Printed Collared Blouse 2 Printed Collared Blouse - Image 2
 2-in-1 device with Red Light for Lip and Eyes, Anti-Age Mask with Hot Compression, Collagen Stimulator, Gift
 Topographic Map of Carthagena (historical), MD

**TASK BRIEF**: Would you transcribe the listing word for word?

**EXERCISE ANSWER**:
Printed Collared Blouse 2 Printed Collared Blouse - Image 2
 2-in-1 device with Red Light for Lip and Eyes, Anti-Age Mask with Hot Compression, Collagen Stimulator, Gift
 Topographic Map of Carthagena (historical), MD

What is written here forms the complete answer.